Design, Synthesis, and Biological Evaluation of Pyrazoline-Based Hydroxamic Acid Derivatives as AminopeptidaseN (APN) Inhibitors

AminopeptidaseN (APN) has been recognized as a target for anticancer treatment due to its overexpression on diverse malignant tumor cells and association with cancer invasion, metastasis and angiogenesis. Herein we describe the synthesis, biological evaluation, and structure-activity relationship study of two new series of pyrazoline analogues as APN inhibitors.

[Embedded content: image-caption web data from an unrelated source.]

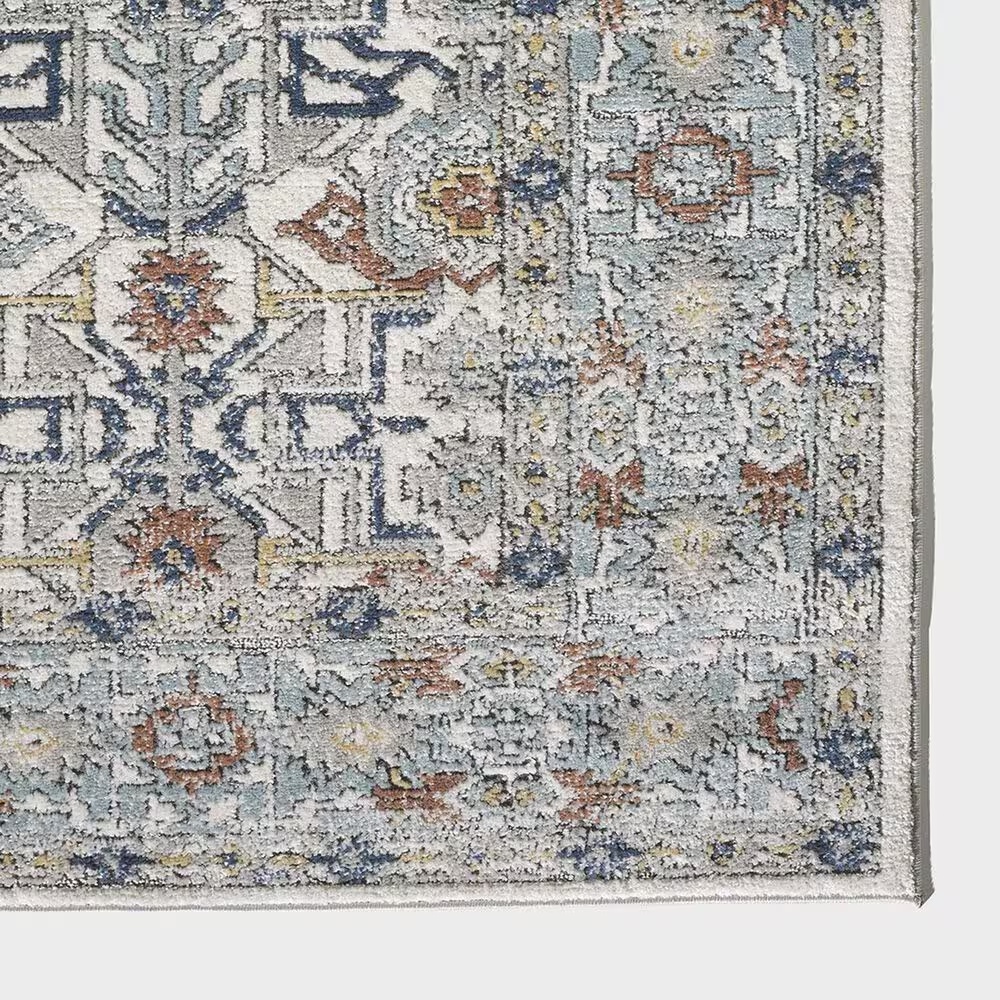 65678-central-oriental-orient-dania-7-10-x-9-10-cream-and-light-blue-area-rug-1.jpg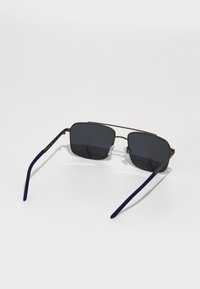 Gafas de sol cuadradas con lentes oscuros, armazón metálico y patillas azul marino. Incluyen almohadillas nasales de silicona para mayor comodidad y agarre.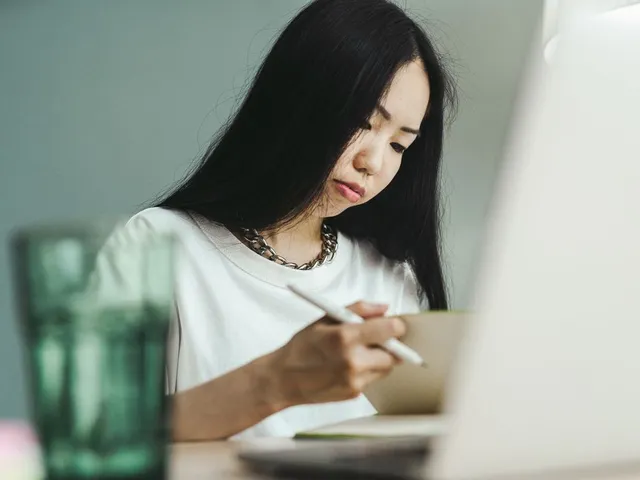 Woman writing in a notebook beside a laptop.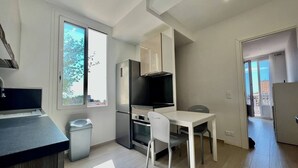 Eine kompakte Küche mit Essbereich, einem Fernseher und Blick ins Freie.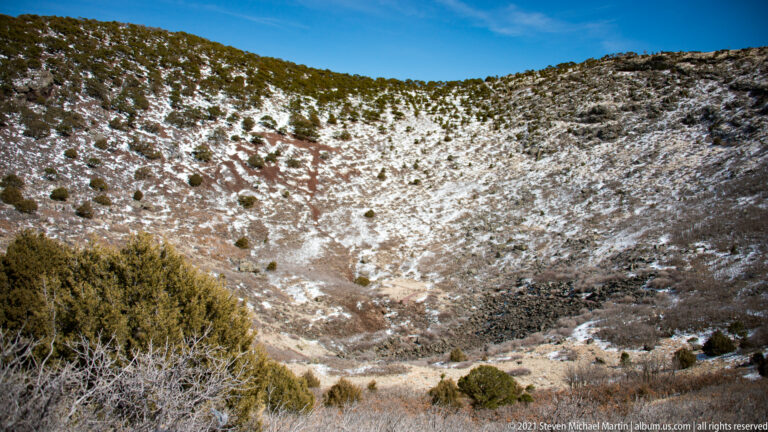 A steep crater slope is mottled with snow, dark rocks, and scattered low shrubs.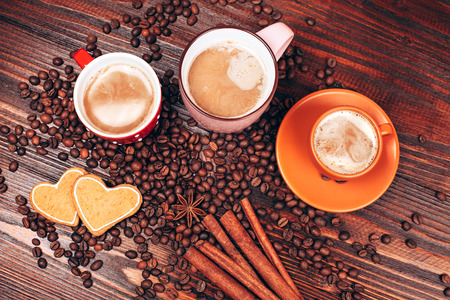 View from above of closely packed mugs full of hot coffee with foam, cinnamon sticks, star anise, coffee beans and wooden board with heart shaped cookies, staying on the wooden tableの写真素材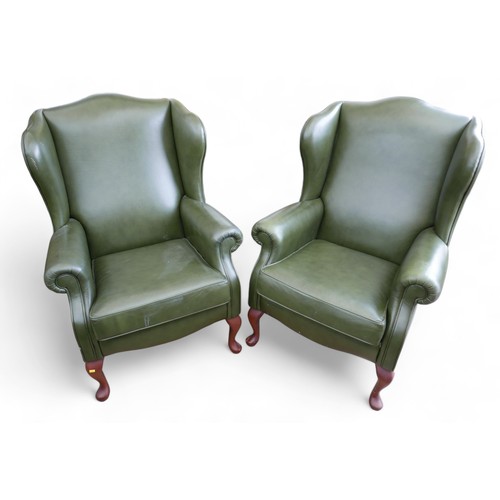 633 - A pair of Paul Sorren green leather wing back library chairs, 78 by 87 by 110cm.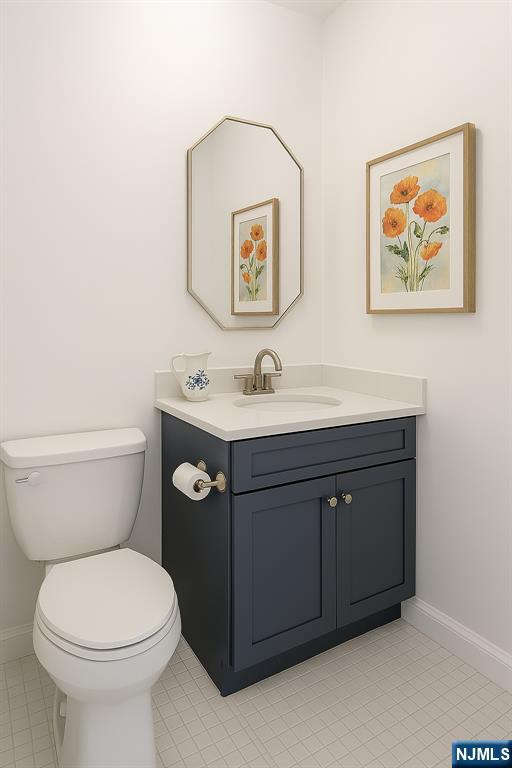 280 South Prospect Avenue, Unit 3N Hackensack, NJ 07601 - Photo 20 of 27 a bathroom with a toilet a sink and mirror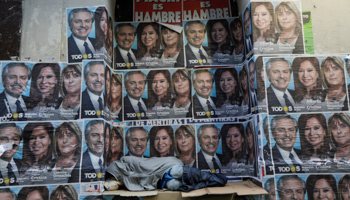 A homeless man sleeping under campaign posters for Alberto Fernandez and Cristina Fernandez de Kirchner (Reuters/Ricardo Moraes)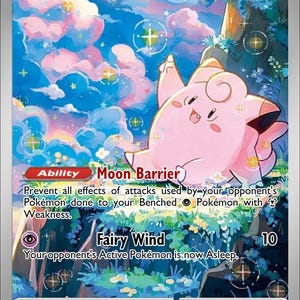 May include: A Clefairy Pokémon trading card with a pink Clefairy character. The card features a colorful background with text that reads "Moon Barrier" and "Fairy Wind". The card has a HP of 70.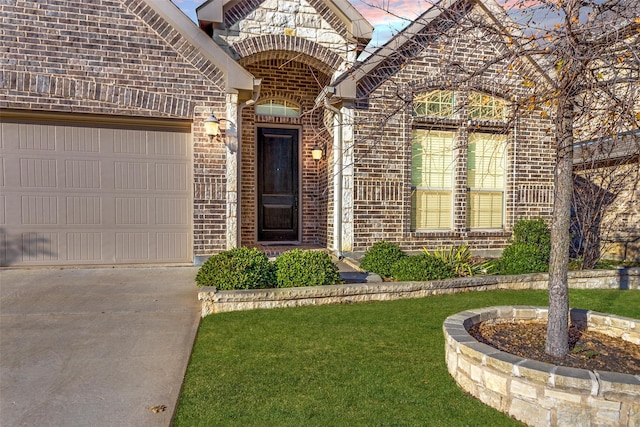 entrance to property with a garage and a yard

Among these compounds, 5-(2-(2-(hydroxyamino)-2-oxoethoxy)phenyl)-3-phenyl-4,5-dihydro-1H-pyrazole-1-carboxamide (compound 13e) showed the best APN inhibition with an IC50 value of 0.16 +/- 0.02m, which is more than one order of magnitude lower than that of bestatin (IC50=9.4 +/- 0.5m). Moreover, compound 13e was found to inhibit the proliferation of diverse carcinoma cells and to show potent anti-angiogenesis activity. At the same concentration, compound 13e presents significantly higher anti-angiogenesis activity than bestatin in human umbilical vein endothelial cells (HUVECs) capillary tube formation assays. The putative binding mode of 13e in the active site of APN is also discussed.